Quando alguém morre, especialmente uma figura pública, é comum exaltarmos seus maiores feitos, mas nessas horas também costumam surgir histórias que realçam qualidades pertencentes a um lado menos conhecido da pessoa. Quis o destino que Sand Land passasse exatamente esse tipo de mensagem a respeito de seu autor, o mangaká Akira Toriyama.

O jogo faz parte de um projeto que também inclui um anime e um filme, e adapta o mangá escrito pelo criador de Dragon Ball no ano 2000. Sand Land, de várias maneiras, realça um aspecto do artista e roteirista que sua obra mais famosa tem, mas foi deixando de lado ao longo do tempo: seu talento para construir mundos e as máquinas que interagem com ele. E é nessa interação que o título se destaca.

Sand Land se passa em um cenário distópico onde uma guerra acabou com a água. O pouco que sobrou desse recurso essencial para a vida é controlado por um reino opressor. O protagonista, Beelzebub, príncipe de uma tribo de demônios, rouba água para dar aos mais necessitados, mas tudo está prestes a mudar quando um homem chamado Rao propõe uma aliança improvável para procurar um lago lendário que pode mudar a vida do povo.

A partir daí, Sand Land se desenrola como um RPG de ação no qual você explora esse cenário em busca desses objetivos. A história é a mesma do anime, que inclui a saga original do mangá e uma história inédita na segunda metade, além de incluir personagens novos como a mecânica Ann.
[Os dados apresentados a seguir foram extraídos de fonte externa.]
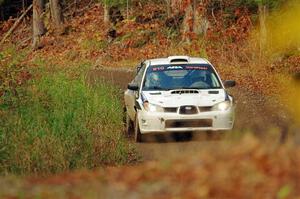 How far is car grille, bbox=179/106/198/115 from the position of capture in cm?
1488

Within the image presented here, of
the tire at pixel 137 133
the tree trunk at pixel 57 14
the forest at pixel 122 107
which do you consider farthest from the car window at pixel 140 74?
the tree trunk at pixel 57 14

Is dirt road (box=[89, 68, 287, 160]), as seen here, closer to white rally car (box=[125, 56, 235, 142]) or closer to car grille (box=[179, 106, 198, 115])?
white rally car (box=[125, 56, 235, 142])

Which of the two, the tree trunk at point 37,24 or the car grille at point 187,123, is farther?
the tree trunk at point 37,24

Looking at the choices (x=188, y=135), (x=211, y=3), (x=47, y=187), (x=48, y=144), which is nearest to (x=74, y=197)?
(x=47, y=187)

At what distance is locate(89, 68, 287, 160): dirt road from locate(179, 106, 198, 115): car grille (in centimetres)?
Answer: 58

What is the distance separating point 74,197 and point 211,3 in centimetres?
3163

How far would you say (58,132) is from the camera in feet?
44.1

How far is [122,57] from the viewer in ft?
131

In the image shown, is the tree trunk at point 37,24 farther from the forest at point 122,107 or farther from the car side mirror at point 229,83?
the car side mirror at point 229,83

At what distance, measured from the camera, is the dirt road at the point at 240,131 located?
14.2m

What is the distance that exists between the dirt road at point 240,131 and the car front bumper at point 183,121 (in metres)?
0.26

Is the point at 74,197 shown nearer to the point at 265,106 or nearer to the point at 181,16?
the point at 265,106

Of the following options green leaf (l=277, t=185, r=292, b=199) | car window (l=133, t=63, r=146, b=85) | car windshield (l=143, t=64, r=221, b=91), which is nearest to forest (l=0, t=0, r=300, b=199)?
green leaf (l=277, t=185, r=292, b=199)

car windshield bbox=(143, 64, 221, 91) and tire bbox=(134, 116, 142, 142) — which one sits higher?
car windshield bbox=(143, 64, 221, 91) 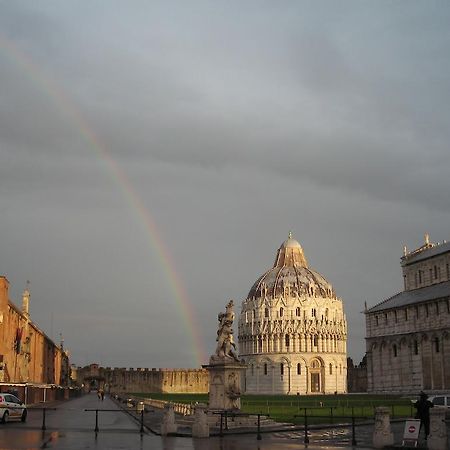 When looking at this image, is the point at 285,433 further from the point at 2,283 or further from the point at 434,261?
the point at 434,261

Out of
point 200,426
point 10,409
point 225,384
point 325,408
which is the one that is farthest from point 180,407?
point 200,426

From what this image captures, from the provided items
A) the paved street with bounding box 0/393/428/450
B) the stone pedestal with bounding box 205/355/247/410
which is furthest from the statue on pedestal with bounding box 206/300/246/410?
the paved street with bounding box 0/393/428/450

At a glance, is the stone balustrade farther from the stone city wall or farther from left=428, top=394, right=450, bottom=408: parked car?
the stone city wall

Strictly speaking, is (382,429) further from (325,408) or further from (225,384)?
(325,408)

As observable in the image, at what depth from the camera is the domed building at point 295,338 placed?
6280 inches

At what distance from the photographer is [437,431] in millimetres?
21656

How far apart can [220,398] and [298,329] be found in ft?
424

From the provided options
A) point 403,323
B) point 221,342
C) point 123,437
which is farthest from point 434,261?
point 123,437

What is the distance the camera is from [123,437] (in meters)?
26.4

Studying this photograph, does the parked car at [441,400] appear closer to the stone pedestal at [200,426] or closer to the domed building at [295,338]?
the stone pedestal at [200,426]

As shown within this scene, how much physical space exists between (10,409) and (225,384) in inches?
442

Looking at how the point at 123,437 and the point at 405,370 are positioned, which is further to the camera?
the point at 405,370

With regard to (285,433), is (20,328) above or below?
above

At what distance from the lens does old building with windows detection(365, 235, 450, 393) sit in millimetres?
84062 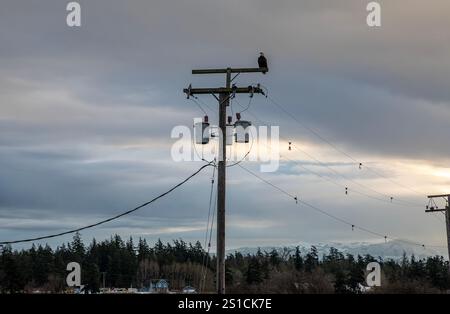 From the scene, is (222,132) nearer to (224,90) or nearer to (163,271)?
(224,90)

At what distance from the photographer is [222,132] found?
75.0 feet

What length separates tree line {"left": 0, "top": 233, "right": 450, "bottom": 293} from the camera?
11738 centimetres

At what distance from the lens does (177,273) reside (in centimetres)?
A: 14700

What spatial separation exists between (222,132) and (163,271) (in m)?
137

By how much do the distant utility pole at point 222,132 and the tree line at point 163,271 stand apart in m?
76.8

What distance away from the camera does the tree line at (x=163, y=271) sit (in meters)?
117

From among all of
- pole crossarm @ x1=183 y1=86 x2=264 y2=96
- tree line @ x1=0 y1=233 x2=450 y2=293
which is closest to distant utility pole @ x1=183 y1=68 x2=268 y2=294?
pole crossarm @ x1=183 y1=86 x2=264 y2=96

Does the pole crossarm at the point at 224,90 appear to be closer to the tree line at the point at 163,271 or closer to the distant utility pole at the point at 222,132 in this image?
the distant utility pole at the point at 222,132

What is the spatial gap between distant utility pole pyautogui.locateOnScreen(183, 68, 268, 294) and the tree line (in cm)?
7681

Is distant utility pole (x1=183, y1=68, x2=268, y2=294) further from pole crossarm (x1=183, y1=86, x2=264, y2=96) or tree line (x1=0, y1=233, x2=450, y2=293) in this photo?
tree line (x1=0, y1=233, x2=450, y2=293)

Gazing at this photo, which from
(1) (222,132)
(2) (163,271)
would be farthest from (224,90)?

A história acaba não sendo o ponto forte do jogo, em parte, pela animação simples e dura que caracteriza a maioria dos jogos de anime da Bandai Namco, mas consegue colocar em tela as maiores qualidades de seus personagens. Sua trama é feita de contrastes: o cenário devastado e desolador se opõe ao otimismo de Beelzebub, um garoto que enxerga o lado bom das coisas mesmo quando os humanos o temem.

Trailer de Sand Land

 

 

À medida que a história avança, e as reviravoltas acontecem, esses contrastes dão gravidade aos personagens, mas o tom inocente que caracteriza as obras de Toriyama, sobretudo até o Dragon Ball clássico, é o que prevalece e dá um charme especial à aventura.
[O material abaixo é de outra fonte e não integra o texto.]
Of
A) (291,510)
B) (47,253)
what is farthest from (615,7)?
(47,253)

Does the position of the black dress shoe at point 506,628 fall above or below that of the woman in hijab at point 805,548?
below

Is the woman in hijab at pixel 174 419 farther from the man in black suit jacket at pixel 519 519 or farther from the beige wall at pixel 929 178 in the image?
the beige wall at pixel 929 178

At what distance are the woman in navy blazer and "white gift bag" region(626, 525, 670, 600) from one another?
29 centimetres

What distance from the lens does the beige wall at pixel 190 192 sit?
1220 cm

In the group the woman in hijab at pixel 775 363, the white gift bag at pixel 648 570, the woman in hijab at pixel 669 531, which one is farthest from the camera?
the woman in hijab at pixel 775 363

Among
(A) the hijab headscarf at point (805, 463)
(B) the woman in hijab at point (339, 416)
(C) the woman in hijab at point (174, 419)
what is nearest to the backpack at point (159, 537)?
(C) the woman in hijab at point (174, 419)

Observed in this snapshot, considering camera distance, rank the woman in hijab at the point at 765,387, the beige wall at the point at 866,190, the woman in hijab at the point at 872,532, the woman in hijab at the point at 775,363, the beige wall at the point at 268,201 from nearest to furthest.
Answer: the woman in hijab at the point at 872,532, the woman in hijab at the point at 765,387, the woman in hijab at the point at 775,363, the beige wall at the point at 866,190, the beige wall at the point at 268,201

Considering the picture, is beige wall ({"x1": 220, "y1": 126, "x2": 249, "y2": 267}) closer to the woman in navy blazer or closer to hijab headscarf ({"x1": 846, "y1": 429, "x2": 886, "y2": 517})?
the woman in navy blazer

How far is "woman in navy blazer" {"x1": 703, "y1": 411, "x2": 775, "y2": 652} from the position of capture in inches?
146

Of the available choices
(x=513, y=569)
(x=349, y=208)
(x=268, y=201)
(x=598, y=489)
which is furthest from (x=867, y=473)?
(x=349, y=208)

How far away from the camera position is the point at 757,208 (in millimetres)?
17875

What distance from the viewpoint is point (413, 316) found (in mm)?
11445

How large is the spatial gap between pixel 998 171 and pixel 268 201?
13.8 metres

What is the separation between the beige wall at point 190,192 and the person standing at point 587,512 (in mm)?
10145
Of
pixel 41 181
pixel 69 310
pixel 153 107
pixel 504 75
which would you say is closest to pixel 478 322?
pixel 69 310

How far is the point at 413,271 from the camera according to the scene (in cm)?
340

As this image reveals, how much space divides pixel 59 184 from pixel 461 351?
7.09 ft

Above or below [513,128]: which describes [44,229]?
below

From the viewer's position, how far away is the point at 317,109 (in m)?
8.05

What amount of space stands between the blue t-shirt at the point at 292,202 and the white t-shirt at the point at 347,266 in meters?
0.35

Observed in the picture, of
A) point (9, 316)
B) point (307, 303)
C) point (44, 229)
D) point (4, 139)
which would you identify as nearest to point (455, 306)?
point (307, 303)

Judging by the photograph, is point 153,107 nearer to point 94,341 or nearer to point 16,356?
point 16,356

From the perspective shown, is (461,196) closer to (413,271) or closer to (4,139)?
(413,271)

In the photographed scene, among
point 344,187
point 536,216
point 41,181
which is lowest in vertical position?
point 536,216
Akira Toriyama era conhecido por contar histórias com lutas épicas e situações extraordinárias. Mas um aspecto não tão apreciado de sua obra, e que se sobressai justamente nos videogames, era seu talento para desenhar tecnologia.

Colocando no papel uma paixão por veículos herdada do pai, Toriyama foi um exímio desenhista de robôs, veículos e outros tipos de dispositivos, das invenções da corporação Cápsula às bugigangas da Lucca de Chrono Trigger. E toda essa criatividade ganha vida na melhor parte de Sand Land, que é justamente a capacidade de criar, modificar e usar máquinas.

A travessia dos terrenos áridos de Sand Land é feita com uma série de máquinas, como tanques, motos, robôs bípedes e mais. Eles precisam ser construídos por você e podem ser aprimorados com peças encontradas tanto no mapa, quanto fabricadas na garagem de Ann.

Alguns locais só podem ser acessados com máquinas específicas, enquanto partes mais avançadas da aventura abrem espaço para veículos especiais. Além disso, todos eles também têm armas customizáveis, que fazem a diferença nos competentes segmentos de combate veicular.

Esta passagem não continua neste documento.